Many programs are already in place to help children feel support from others, yet the biggest gap is their connection to their incarcerated parent- which, if the crime allows, is the best thing to maintain for both the inmate and their child.

     The Department of Health and Human Services also states that depending on the quality of the alternative caregiving and the opportunities to remain in contact with the parent that is incarcerated determines how the child react and behave during the separation. Our goal as rehabilitators is to help the child and the incarcerated parent remain in contact as much as possible (if reasonable with crime) in the hopes to allow the child to live and develop smoothly without missing a parental figure.

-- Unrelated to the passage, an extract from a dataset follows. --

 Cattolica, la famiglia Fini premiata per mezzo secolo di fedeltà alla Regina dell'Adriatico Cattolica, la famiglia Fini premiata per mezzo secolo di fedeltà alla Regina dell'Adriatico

    Many of the programs that are happening today are primarily volunteer based, but many are not. For example, “Angel Tree” is an organization the focuses on Prison Fellowship, bringing parents in prison together with their children through Christmas gifts. It is run through Church organizations, where you can apply as a congregation and each get assigned a child. Then, with an average cost of 15$-25$ per child, they are able to send a Christmas gift in honor of the parent in prison. What this program is doing is filling the gaps that may be left from a parent in prison.

    Other volunteer programs promote the connections in prison by recording the parents voices reading books, visitation programs, intervention programs, and others offered depending on the state and prison. We need to make it a priority for these children to remain in contact as much as possible with their incarcerated parents. They need to feel supported in school and their daily lives in such a way that they no longer search for the void they are missing when their parents are away.

    The bigger picture here is that one of the best and most reliable solutions to both inmates rehabilitative process as well as their children's smooth transition is to simply keep their relationship alive as much as possible. Lowering the difficulty for families to visit, creating an environment comfortable for children when they do visit, and other areas have room for improvement to help these children.

    While their parents are facing time for their own mistakes, why should their children have to suffer as well? We must stop this process of generations suffering for one’s mistake, and help them the one natural way we can- allowing their relationships to thrive while they are separated as much as the law can allow.